§ **Material for this exercise**:
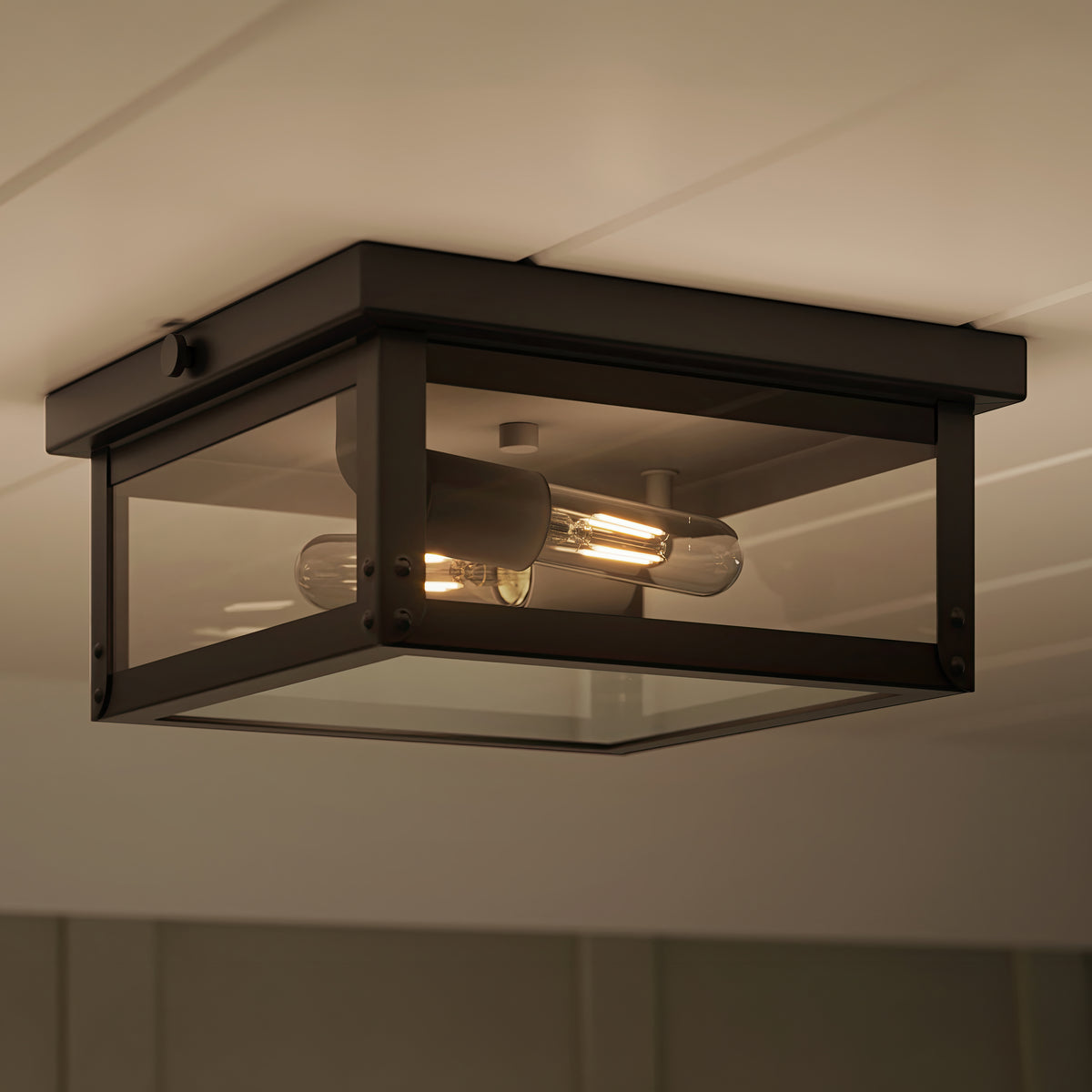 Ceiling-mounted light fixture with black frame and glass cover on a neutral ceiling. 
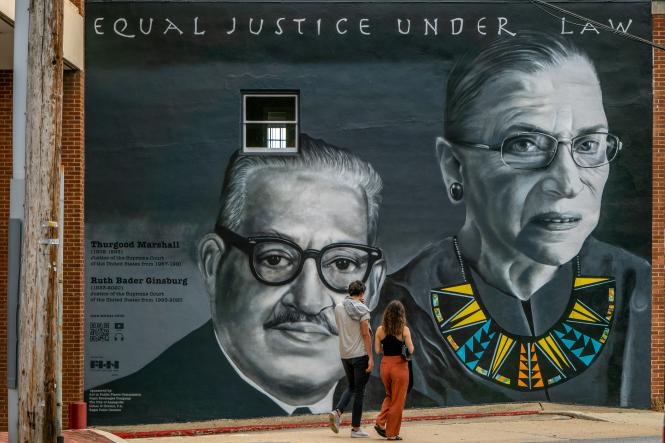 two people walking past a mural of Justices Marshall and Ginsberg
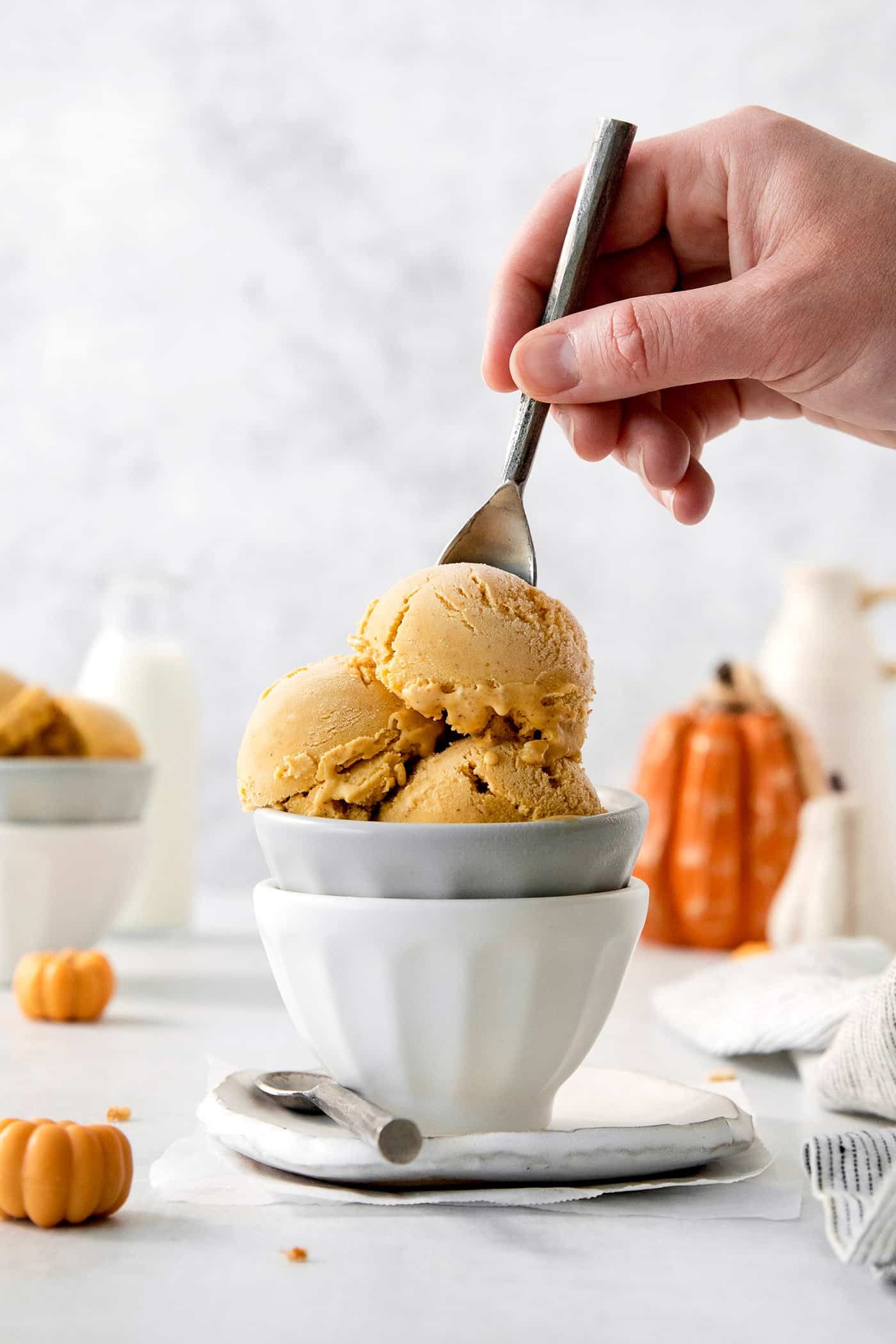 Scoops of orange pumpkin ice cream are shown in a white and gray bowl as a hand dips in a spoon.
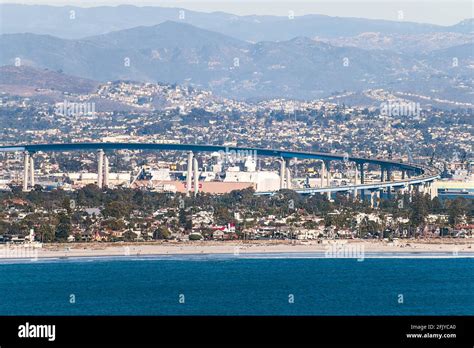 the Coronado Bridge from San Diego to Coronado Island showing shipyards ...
...
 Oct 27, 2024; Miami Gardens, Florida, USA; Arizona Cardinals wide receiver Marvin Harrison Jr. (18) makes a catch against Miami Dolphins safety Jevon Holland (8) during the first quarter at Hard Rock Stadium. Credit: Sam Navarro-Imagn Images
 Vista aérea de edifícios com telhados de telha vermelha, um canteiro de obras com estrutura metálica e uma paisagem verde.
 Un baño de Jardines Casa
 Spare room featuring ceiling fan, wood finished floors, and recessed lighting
---
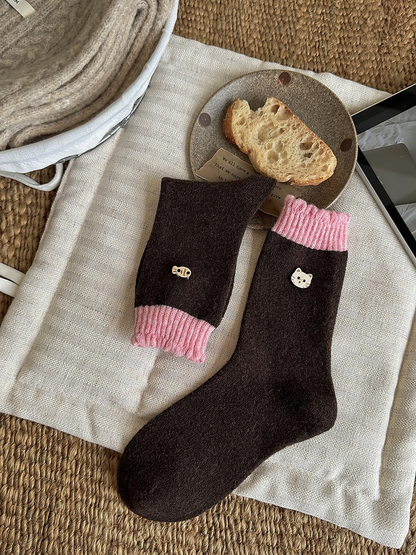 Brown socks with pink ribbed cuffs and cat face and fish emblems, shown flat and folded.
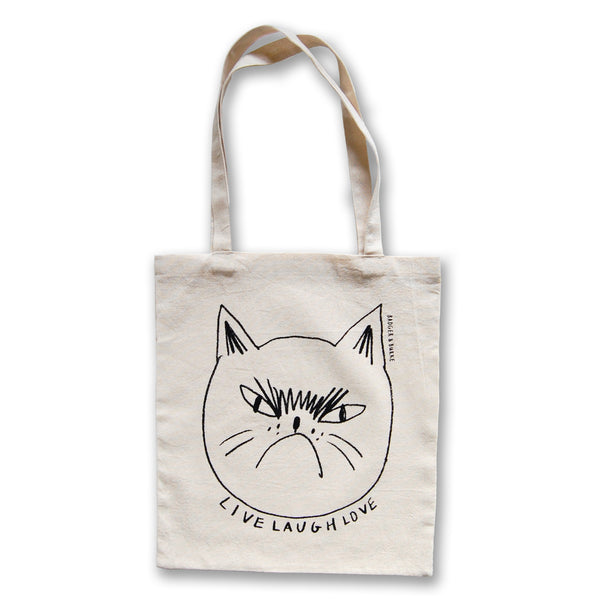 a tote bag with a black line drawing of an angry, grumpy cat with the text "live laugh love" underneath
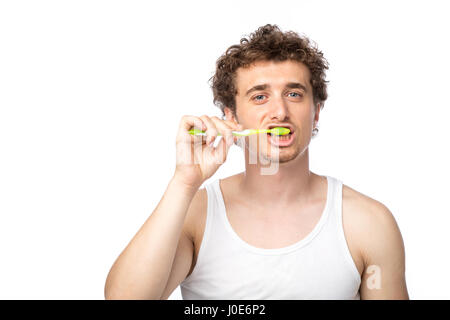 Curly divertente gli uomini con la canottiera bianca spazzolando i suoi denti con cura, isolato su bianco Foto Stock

§ **Work instructions**:
Using the records above, return word for word the lines that begin at the one containing "Brown socks with" and end at the one containing "Curly divertente gli", both of them included and no pictures.

§ **Your solution**:
 Brown socks with pink ribbed cuffs and cat face and fish emblems, shown flat and folded.
 a tote bag with a black line drawing of an angry, grumpy cat with the text "live laugh love" underneath
 Curly divertente gli uomini con la canottiera bianca spazzolando i suoi denti con cura, isolato su bianco Foto Stock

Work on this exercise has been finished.